◆ PROVIDED ENTRIES:
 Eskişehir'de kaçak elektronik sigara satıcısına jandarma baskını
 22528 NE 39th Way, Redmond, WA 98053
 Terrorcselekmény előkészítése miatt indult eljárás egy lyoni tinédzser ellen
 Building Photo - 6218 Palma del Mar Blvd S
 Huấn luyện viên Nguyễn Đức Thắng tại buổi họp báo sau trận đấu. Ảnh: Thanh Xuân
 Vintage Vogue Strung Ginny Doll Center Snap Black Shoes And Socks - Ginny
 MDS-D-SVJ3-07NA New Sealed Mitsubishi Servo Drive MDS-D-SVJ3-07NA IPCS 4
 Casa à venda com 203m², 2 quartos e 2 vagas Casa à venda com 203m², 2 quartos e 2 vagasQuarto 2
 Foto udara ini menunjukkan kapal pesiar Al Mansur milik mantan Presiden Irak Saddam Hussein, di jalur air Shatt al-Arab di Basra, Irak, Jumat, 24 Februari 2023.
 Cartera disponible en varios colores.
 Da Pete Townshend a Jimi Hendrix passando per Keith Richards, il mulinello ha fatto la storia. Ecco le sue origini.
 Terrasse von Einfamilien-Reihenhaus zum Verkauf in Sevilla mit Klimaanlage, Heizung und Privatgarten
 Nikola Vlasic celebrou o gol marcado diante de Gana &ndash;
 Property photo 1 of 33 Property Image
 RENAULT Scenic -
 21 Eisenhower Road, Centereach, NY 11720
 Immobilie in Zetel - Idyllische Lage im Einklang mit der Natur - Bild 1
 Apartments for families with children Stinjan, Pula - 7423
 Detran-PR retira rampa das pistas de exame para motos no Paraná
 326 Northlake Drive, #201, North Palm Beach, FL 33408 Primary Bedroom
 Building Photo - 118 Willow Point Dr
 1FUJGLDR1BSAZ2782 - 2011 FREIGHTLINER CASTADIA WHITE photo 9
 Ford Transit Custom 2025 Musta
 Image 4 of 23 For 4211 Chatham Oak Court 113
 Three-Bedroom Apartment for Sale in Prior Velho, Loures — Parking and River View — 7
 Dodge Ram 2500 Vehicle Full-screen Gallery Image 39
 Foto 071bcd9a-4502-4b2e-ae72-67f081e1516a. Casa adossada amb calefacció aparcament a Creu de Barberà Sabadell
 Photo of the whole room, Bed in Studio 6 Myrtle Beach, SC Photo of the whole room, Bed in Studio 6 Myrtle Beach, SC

◆ WHAT IS EXPECTED:
The lines to return are those in the material above that hold "Casa".

◆ ANSWER SECTION:
 Casa à venda com 203m², 2 quartos e 2 vagas Casa à venda com 203m², 2 quartos e 2 vagasQuarto 2
 Foto 071bcd9a-4502-4b2e-ae72-67f081e1516a. Casa adossada amb calefacció aparcament a Creu de Barberà Sabadell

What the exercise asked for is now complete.